3772の「帰りける人」は、大赦によって配流先から都へ帰ってきた人。「言ひしかば」は、と言ったので。周囲の誰かが「帰ってきた人がいるよ」と告げたことを示します。「ほとほと」は、ほとんど。「君かと思ひて」は、(帰ってきたのが)あなたではないかと思って。天平12年6月に大赦があり、幾人かが許されて帰京した時の作といいます。嬉しさのあまり死にそうになったと歌っていますが、この時には宅守は赦免されませんでした。物狂おしく一行を捜すも、宅守の姿を見出すことができなかった娘子。その落胆ぶりはいかばかりであったか。この歌は、冒頭の3724と共に娘子の傑作の一つとされます。

 
3773の「君が共」は、君とともに。「行かましものを」は、行っただろうに(行きたかったのに)。「後れて居れど良きこともなし」は、後に残されていたが、そのために何の良いこともないで、上の「同じこと」を説明したもの。奇跡は起こらず、失望と落胆に突き落とされた中、一人残された悲しさを改めて感じている歌であり、文脈上、最初に「こんなことなら」を補って解釈すべきものです。「君が共行かましものを」とあるのは、令の規定で流人は妻を伴って配所に赴くことと定められていたものの、娘子は「蔵部の女嬬」という現職だったために同行しようにもできなかった事情を言っているとされます。

 
3774の「帰り来まさむ」は、(都へ)お帰りになるであろう。「命残さむ」は、命を長らえましょう、(死なずに)生き残っていましょう。「忘れたまふな」は、(私のことを)お忘れにならないでください。娘子はここで気を取り直し、宅守を励ますとともに自らを力づけています。

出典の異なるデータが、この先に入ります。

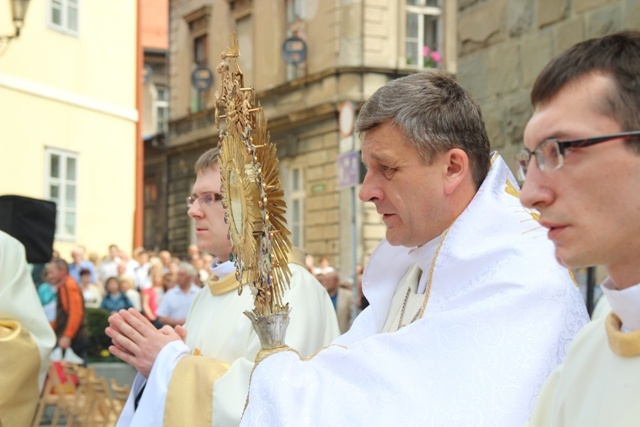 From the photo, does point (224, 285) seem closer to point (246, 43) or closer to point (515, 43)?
point (515, 43)

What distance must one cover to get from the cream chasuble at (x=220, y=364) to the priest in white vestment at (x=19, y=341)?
94cm

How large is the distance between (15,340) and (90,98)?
1550cm

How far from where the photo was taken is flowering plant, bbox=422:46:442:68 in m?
24.4

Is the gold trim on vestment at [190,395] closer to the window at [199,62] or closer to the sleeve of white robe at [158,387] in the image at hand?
the sleeve of white robe at [158,387]

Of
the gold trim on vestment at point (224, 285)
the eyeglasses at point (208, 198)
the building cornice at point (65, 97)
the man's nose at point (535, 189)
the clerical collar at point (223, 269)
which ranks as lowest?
the gold trim on vestment at point (224, 285)

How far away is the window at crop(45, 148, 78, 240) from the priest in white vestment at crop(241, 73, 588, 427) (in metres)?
16.7

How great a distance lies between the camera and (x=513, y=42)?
721cm

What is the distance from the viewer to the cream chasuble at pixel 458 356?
257 cm

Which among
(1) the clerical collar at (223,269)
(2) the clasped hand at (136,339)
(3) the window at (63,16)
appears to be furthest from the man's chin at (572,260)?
(3) the window at (63,16)

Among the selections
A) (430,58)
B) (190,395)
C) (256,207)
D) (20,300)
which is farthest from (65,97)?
(256,207)

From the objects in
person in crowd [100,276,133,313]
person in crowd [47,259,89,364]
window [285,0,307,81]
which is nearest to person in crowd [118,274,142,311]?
person in crowd [100,276,133,313]

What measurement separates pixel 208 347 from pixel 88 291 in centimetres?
1079

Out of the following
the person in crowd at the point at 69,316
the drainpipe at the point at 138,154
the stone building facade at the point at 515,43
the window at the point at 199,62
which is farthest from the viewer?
the window at the point at 199,62

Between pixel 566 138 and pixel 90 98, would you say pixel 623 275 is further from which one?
pixel 90 98
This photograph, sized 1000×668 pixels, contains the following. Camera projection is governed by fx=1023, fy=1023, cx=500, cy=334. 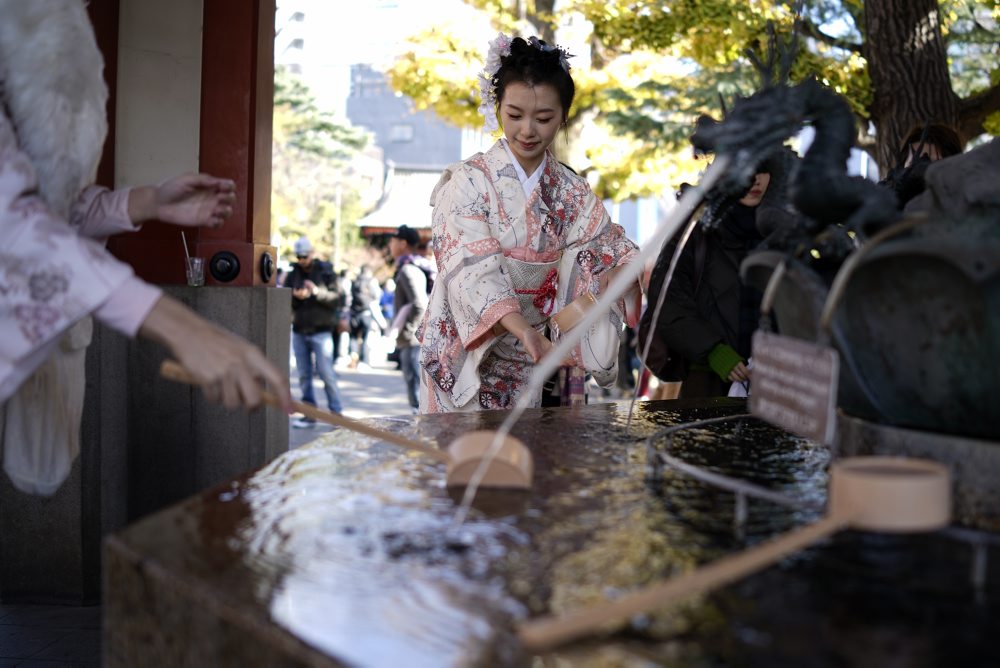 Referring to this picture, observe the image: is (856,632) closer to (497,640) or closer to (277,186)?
(497,640)

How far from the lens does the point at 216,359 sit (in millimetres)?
1559

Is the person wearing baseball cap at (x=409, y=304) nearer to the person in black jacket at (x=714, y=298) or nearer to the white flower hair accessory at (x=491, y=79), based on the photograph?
the person in black jacket at (x=714, y=298)

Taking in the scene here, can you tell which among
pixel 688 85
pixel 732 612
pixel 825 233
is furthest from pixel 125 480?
pixel 688 85

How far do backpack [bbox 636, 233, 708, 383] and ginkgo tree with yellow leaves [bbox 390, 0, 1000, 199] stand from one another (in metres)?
0.75

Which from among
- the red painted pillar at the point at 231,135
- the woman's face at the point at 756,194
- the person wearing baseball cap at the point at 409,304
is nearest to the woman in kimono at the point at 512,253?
the woman's face at the point at 756,194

 この時の大赦は理由もなく行われたもので、『続日本紀』に、大赦から除外された犯罪、及び犯罪者の氏名が出ており、中臣宅守、石上乙麿の名があります。除外された犯罪は、職権を乱用して私腹を肥やす罪、殺人の罪、貨幣偽造の罪、強盗窃盗の罪、姦通の罪、また身分として、天皇への忠誠を要求される親衛軍の兵士とあります。

 なお、
斎藤茂吉は、3772の「ほとほと死にき」の表現に感銘し、『赤光』のなかの連作「おひろ」のなかで、次のような歌を作っています。

 
あはれなる女の瞼(まぶた)恋ひ撫でてその夜ほとほとわれは死にたり



『続日本紀』

 『日本書紀』に次いで編修された勅撰国史で、六国史の第2番目。全40巻からなり、光仁天皇の命によって石川名足(いしかわのなたり)・淡海三船(おうみのみふね)らが撰修をはじめ、藤原継縄(ふじわらのつぐただ)・菅野真道(すがののまみち)らに撰進事業が継承され、延暦16年(797年)に奏上されました。『日本書紀』のあとを受けて、文武天皇即位の年(697年)から桓武天皇の延暦10年(791年)12月まで、9代・95年間の国の歴史を、編年体、漢文で記載しています。藤原仲麻呂(恵美押勝)、道鏡、鑑真などの伝記も記載されています。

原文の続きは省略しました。